誉田哲也なので、自分の好きなジャンルだったし、安定した面白さはあるんだけど…同じ著者の近作である、超大作の3部作「ジウ」シリーズとどことなく、作風がかぶってるんですよね。「ジウ」シリーズから、特殊部隊やらアクションといった要素を省いて、個性豊かな刑事たちが、事情聴取して、証拠品探して、コツコツと事件を捜査するという…オーソドックスな警察推理小説のタイプになった感じ。
主人公の一人である女刑事の姫川礼子のキャラが…「ジウ」の門倉美咲に似てる。美人で、能力とガッツもあるんだけど…周囲のベテラン刑事から疎まわれちゃったり。本人はあまり意識してないようなのだが、推理というよりはプロファイリングという名の山勘で(笑)…事件やピンチを切り開くのが得意。彼女をサポートする形で、公安上がりの頑固刑事や、若手刑事が独自の捜査法で事件解決の糸口を探すというのが基本的な流れ…。

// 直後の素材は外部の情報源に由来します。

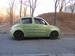 Pictures Toyota WiLL Vi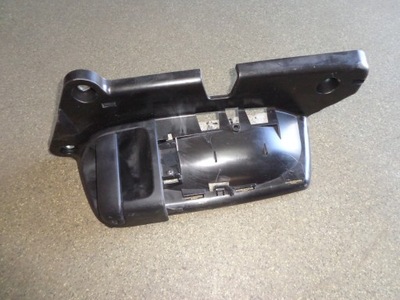 307 підлокітник ручка кронштейн захист корпус pt фото №1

各章の合間に、犯人と思われる人物の、犯行へ至るまでの経緯なんかも挿入されているのだが、殺人鬼と化すまでの壮絶な生い立ちが描かれていく。このあたりに、ちょっとした推理小説的な仕掛けもあるが…真相を見破るのは意外と楽。他にもどんでん返しな真相があるんだけれども…、こちらも途中の描写で真相にたどりつけるので(もちろん、姫川礼子同様の山勘だけど)、導入部分、事件の真相に比べたら、驚きが弱いように感じる。もっと想像を絶するような真犯人の登場を願いたかった。
実は主人公の姫川礼子にも隠された過去があるらしいという描写で前半から引っ張る。このあたりは、犯人の心理描写なんかと対にして、わざと比較させてるんでしょうね…。警官を志すきっかけとなった、裁判所のエピソードが、ちょっといいシーンで、グっときてしまった。